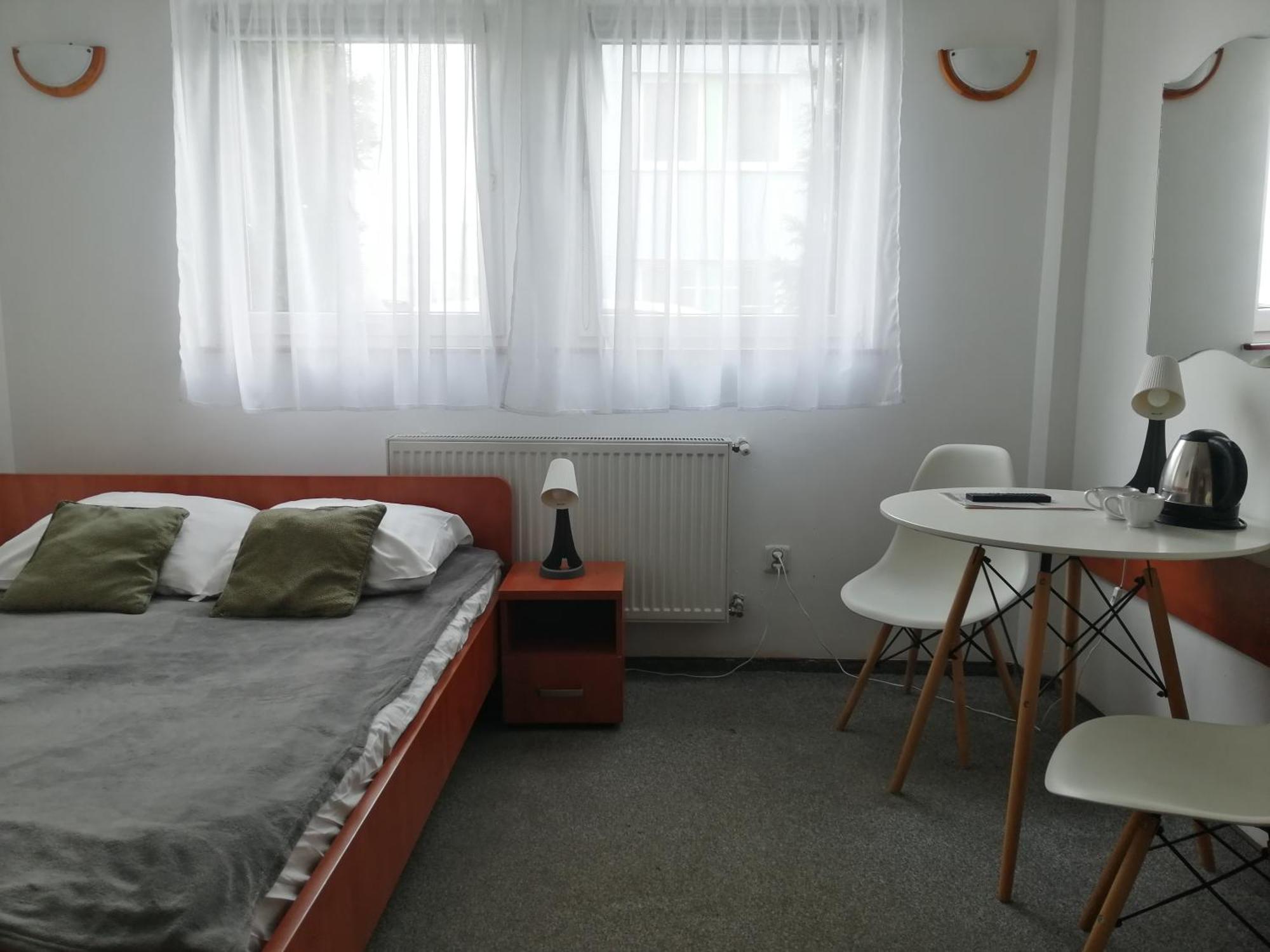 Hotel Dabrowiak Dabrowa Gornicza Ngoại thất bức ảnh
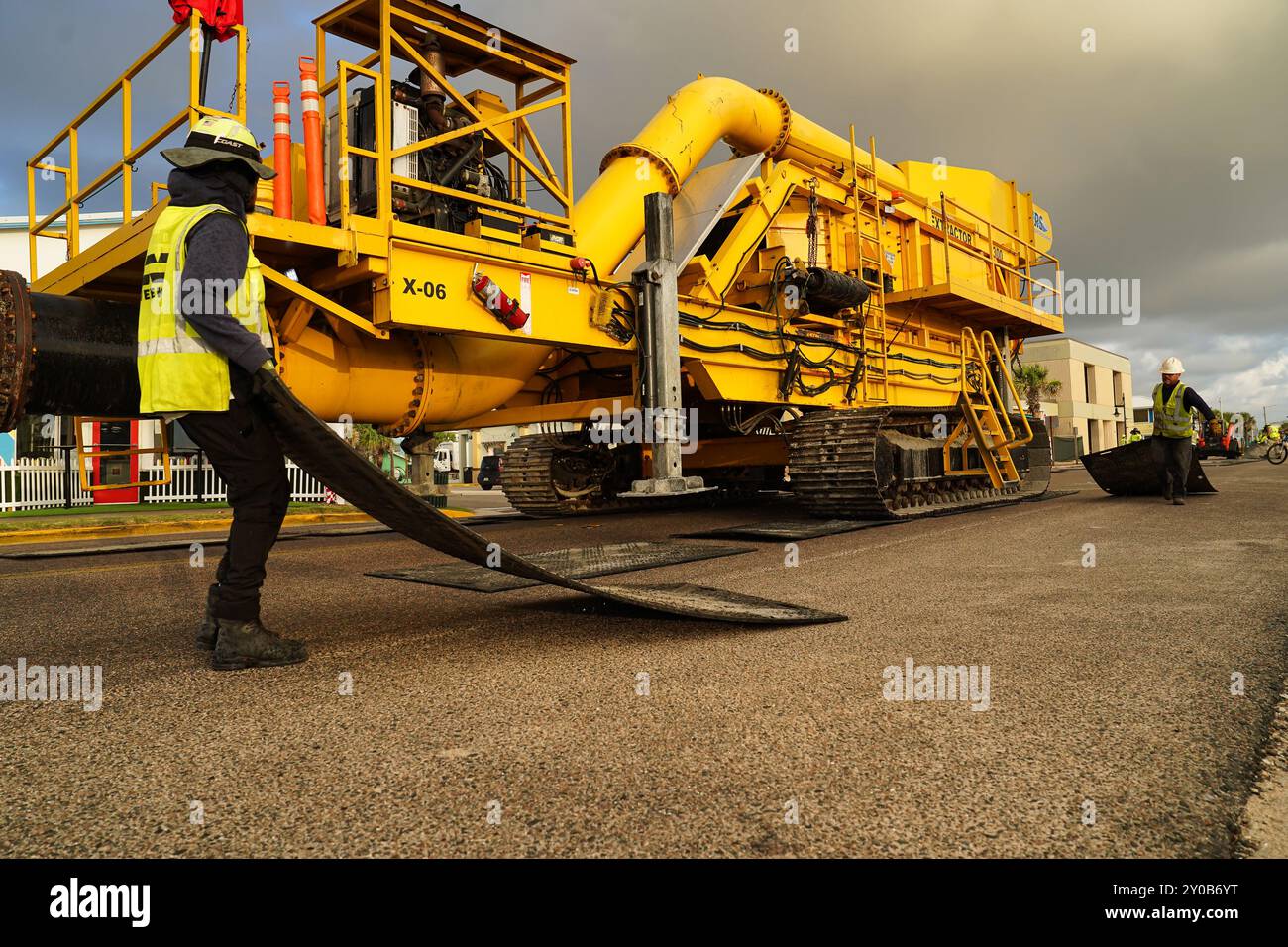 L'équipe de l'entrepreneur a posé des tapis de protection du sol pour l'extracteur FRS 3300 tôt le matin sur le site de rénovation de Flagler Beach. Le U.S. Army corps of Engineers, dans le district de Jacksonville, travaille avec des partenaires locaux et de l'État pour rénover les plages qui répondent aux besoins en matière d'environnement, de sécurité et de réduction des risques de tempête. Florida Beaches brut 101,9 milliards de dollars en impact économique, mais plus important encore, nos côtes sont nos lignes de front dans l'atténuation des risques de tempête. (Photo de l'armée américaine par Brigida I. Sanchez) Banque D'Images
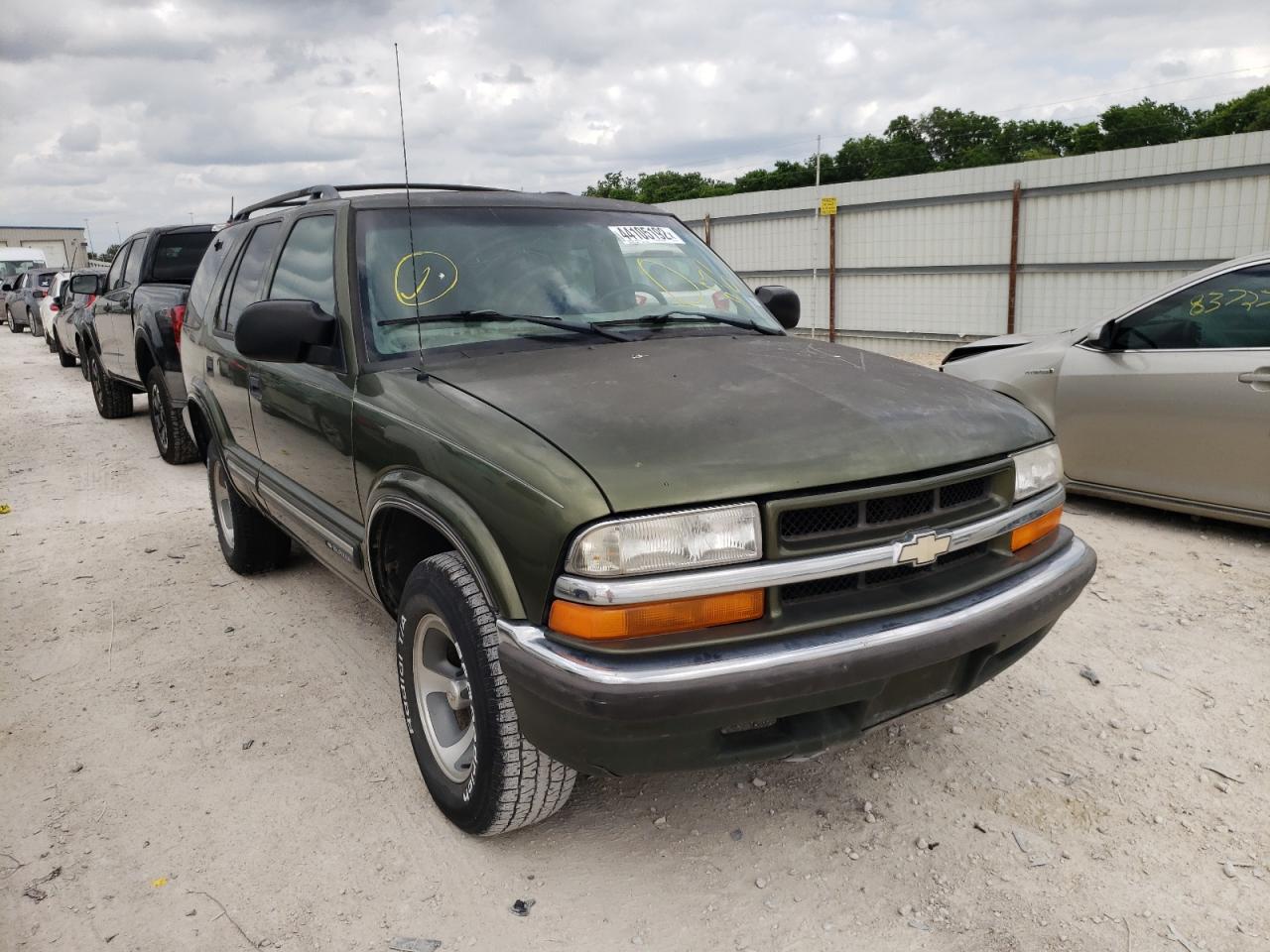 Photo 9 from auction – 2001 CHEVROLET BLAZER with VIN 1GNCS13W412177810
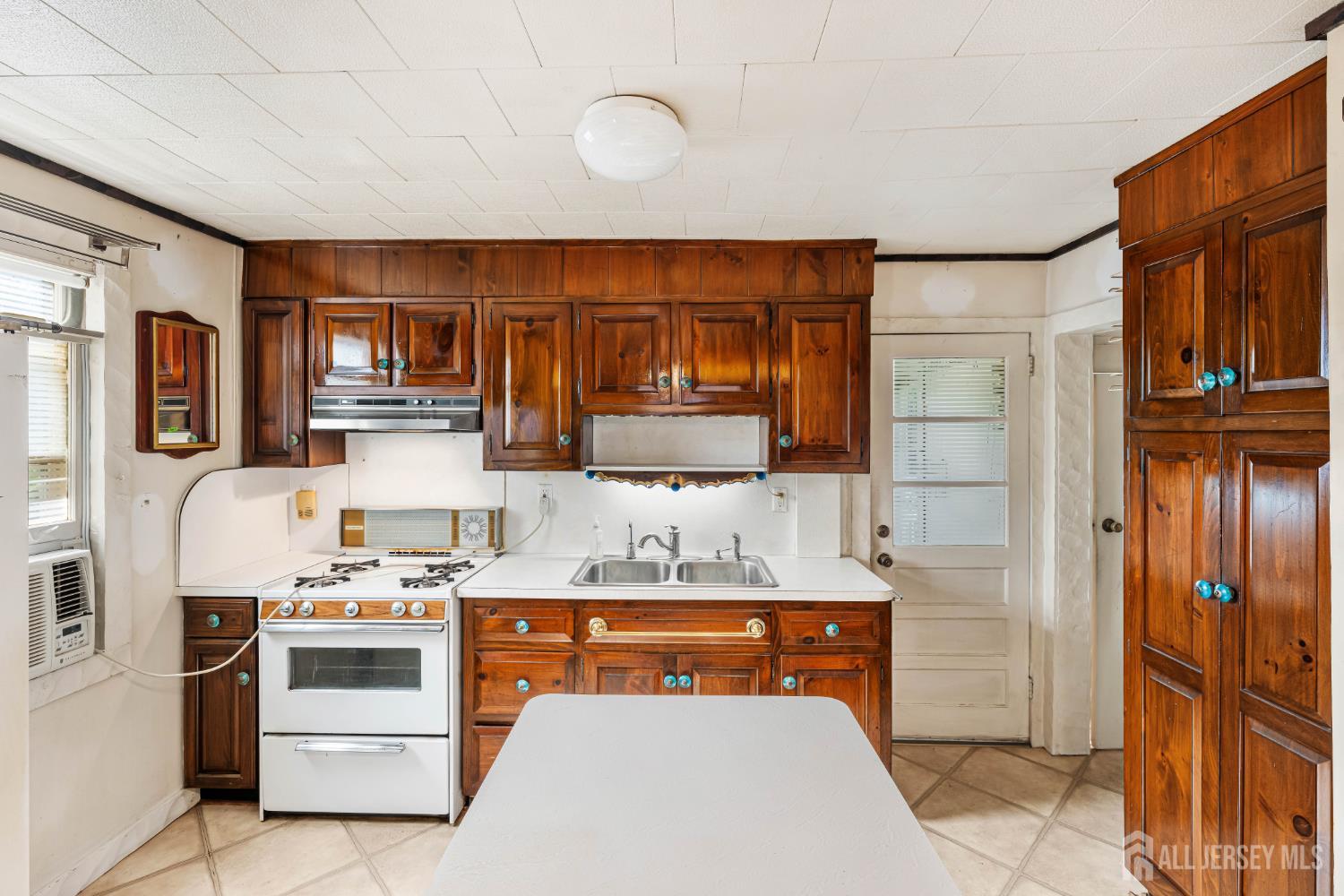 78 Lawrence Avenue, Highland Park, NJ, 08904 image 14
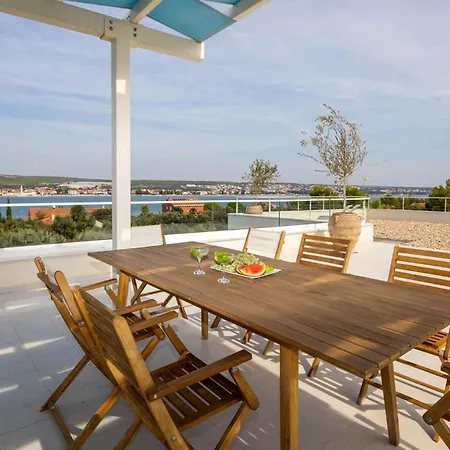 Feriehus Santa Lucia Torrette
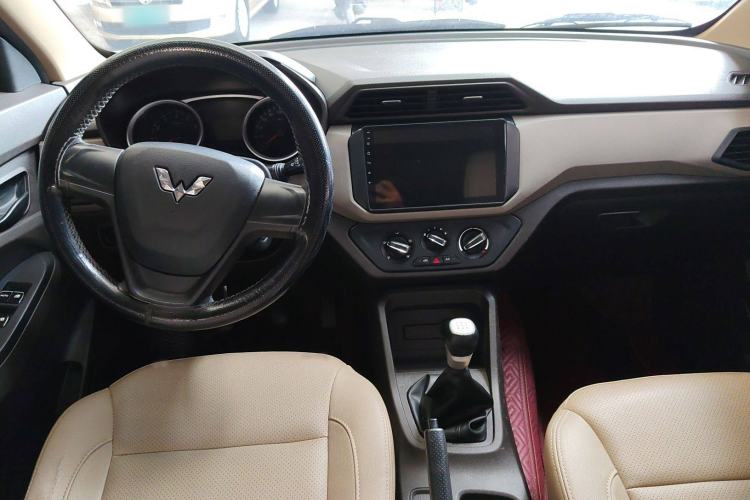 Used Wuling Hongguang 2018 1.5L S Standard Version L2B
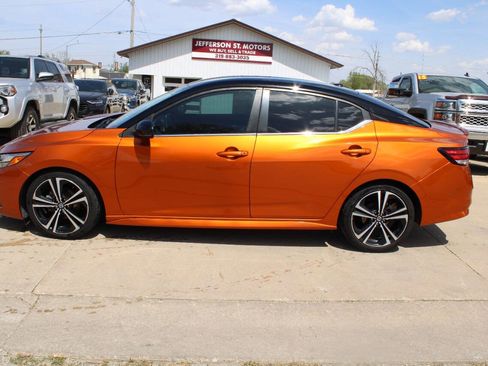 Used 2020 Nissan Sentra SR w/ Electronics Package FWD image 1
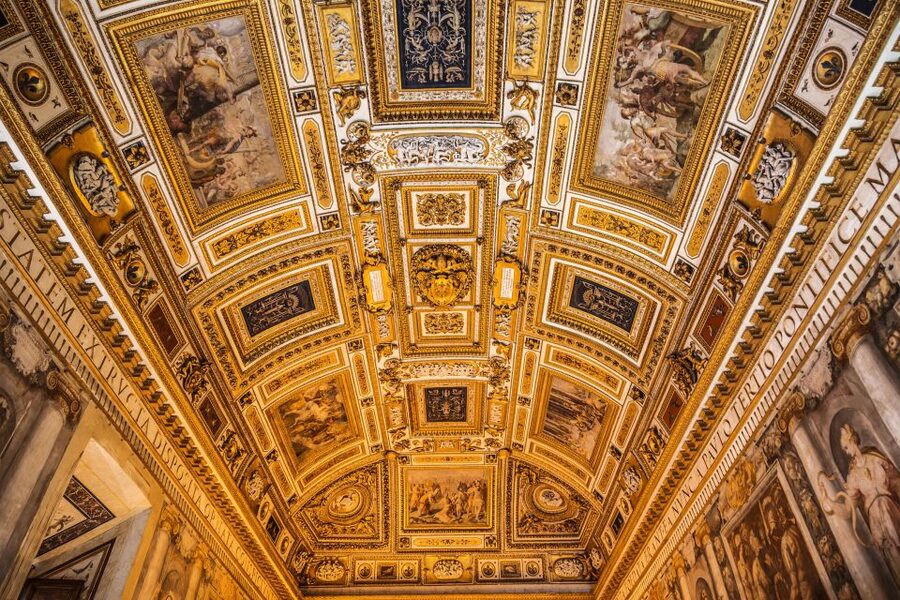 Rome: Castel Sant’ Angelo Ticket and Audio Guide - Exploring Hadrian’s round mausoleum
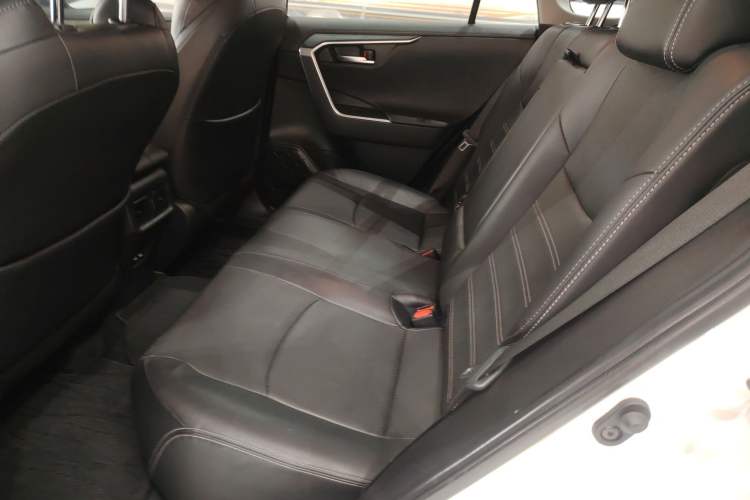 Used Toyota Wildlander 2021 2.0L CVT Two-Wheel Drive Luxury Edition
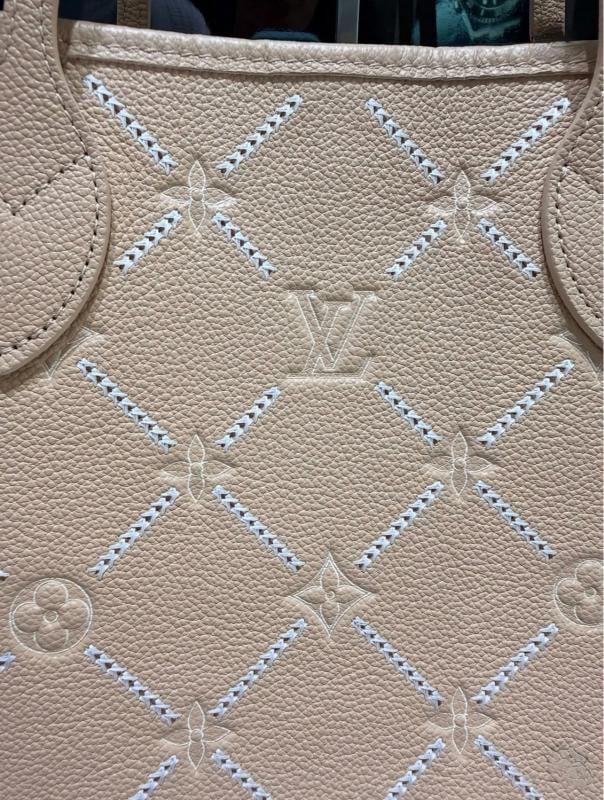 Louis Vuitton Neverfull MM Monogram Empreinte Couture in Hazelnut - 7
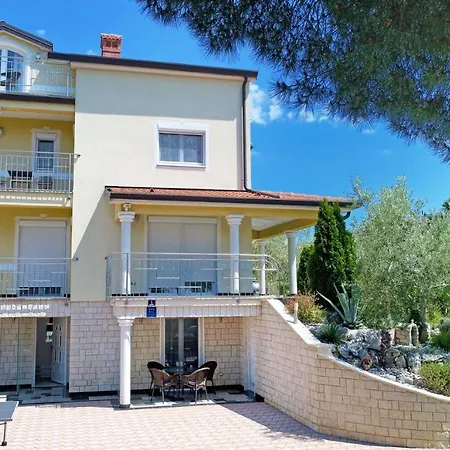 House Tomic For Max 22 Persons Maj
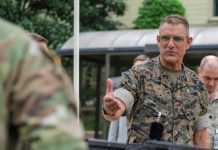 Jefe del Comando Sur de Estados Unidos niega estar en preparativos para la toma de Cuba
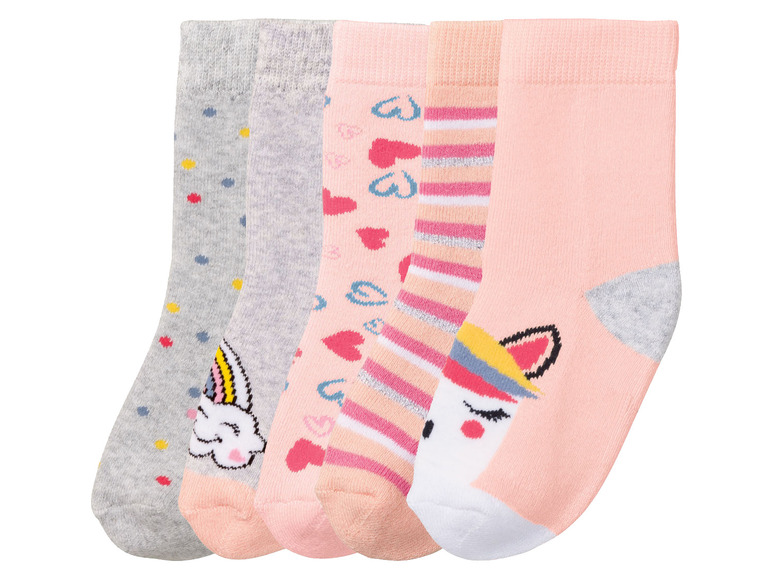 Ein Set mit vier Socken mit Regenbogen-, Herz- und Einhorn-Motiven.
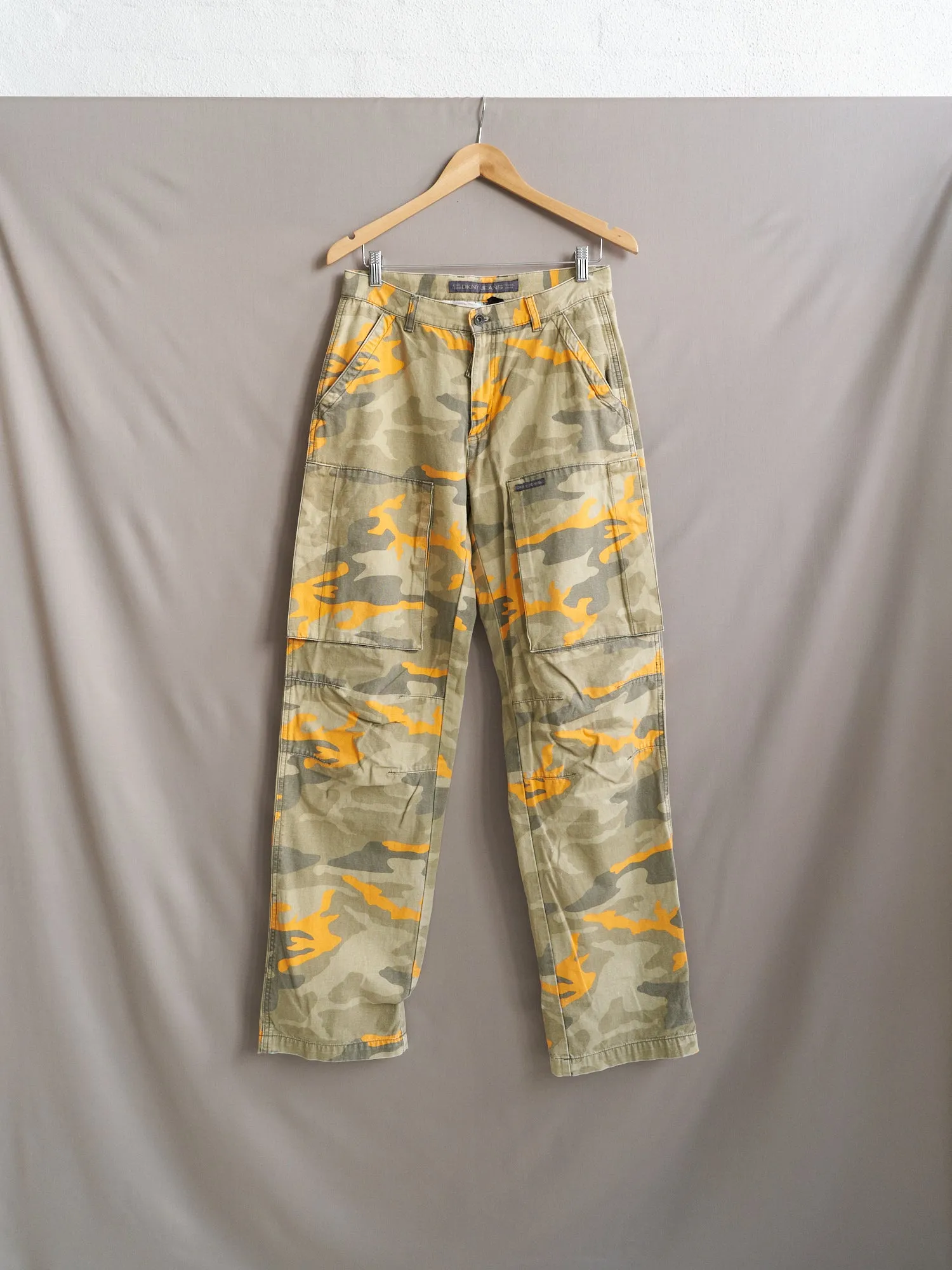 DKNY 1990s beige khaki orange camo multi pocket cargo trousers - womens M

Exercise:
From the first record to the last, retype everything exactly except the images.

Reply:
 Hotel Dabrowiak Dabrowa Gornicza Ngoại thất bức ảnh
 L'équipe de l'entrepreneur a posé des tapis de protection du sol pour l'extracteur FRS 3300 tôt le matin sur le site de rénovation de Flagler Beach. Le U.S. Army corps of Engineers, dans le district de Jacksonville, travaille avec des partenaires locaux et de l'État pour rénover les plages qui répondent aux besoins en matière d'environnement, de sécurité et de réduction des risques de tempête. Florida Beaches brut 101,9 milliards de dollars en impact économique, mais plus important encore, nos côtes sont nos lignes de front dans l'atténuation des risques de tempête. (Photo de l'armée américaine par Brigida I. Sanchez) Banque D'Images
 Photo 9 from auction – 2001 CHEVROLET BLAZER with VIN 1GNCS13W412177810
 78 Lawrence Avenue, Highland Park, NJ, 08904 image 14
 Feriehus Santa Lucia Torrette
 Used Wuling Hongguang 2018 1.5L S Standard Version L2B
 Used 2020 Nissan Sentra SR w/ Electronics Package FWD image 1
 Rome: Castel Sant’ Angelo Ticket and Audio Guide - Exploring Hadrian’s round mausoleum
 Used Toyota Wildlander 2021 2.0L CVT Two-Wheel Drive Luxury Edition
 Louis Vuitton Neverfull MM Monogram Empreinte Couture in Hazelnut - 7
 House Tomic For Max 22 Persons Maj
 Jefe del Comando Sur de Estados Unidos niega estar en preparativos para la toma de Cuba
 Ein Set mit vier Socken mit Regenbogen-, Herz- und Einhorn-Motiven.
 DKNY 1990s beige khaki orange camo multi pocket cargo trousers - womens M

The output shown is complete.